Dividends from a listed company
A listed company can also be called a public company. This means that the shares of a listed company are publicly traded on the stock market.
Dividends are partly taxable and partly tax-exempt income
Out of the dividends you receive from a listed company:
- 85% is taxable capital income, i.e. dividend income
- 15% is tax-exempt income.
In practice, the company paying the dividend withholds 25.5% of tax out of the total amount of the dividend before paying the dividend to you. The company also forwards the withholding tax to the Tax Administration.
Owning stocks often results in expenses incurred in making a profit, such as asset management fees. They are deducted from the taxable dividend income, which means that your net taxable capital income is reduced. The expenses are adjusted by a personal liability threshold of EUR 50 first, however.
Example: Aleksi has invested in corporate stocks through stock-exchange trading. In 2020, he received €10,000 as dividends, and he received no other income during the entire year.
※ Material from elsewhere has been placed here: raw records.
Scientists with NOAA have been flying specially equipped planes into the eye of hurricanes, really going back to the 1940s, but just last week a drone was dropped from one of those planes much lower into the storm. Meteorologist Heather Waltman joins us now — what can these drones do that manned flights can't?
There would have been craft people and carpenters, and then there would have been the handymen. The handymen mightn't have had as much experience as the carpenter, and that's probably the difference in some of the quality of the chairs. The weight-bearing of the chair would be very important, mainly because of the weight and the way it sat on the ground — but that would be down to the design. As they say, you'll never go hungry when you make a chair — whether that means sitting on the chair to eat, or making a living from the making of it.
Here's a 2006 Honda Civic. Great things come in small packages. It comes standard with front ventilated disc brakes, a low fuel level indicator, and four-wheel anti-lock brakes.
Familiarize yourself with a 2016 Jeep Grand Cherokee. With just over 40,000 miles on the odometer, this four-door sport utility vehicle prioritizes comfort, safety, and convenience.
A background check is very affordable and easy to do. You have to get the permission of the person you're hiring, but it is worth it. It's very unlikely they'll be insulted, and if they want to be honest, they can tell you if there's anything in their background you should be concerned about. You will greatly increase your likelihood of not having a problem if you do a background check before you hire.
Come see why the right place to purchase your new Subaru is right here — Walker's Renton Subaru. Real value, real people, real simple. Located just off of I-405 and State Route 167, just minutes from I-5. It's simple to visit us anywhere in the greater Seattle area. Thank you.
He paid an asset management fee of €110, which is regarded as being part of Aleksi's deductible expenses for the production of income.
Aleksi’s net taxable capital income for 2020 is as follows:
€8,500 ( €10,000 in received dividends subject to tax × 85% )
− €60 (asset management fee of €110 − the personal liability €50) = €8,440 (net taxable capital income).
Aleksi pays €8,440 × 30% = €2,532 of tax on his capital income.
The tax withheld by the payor company is €10,000 × 25.5% = €2,550.
After Aleksi’s dividends have been assessed in taxation, he gets €18 as a refund (€2,550 − €2,532).
Check your pre-completed tax return
Check that your dividend income is shown in the pre-completed tax return you received in the spring and that it is correct. Report missing information and correct wrong information. The party that pays the dividend has withheld the tax and reported the information to the Tax Administration.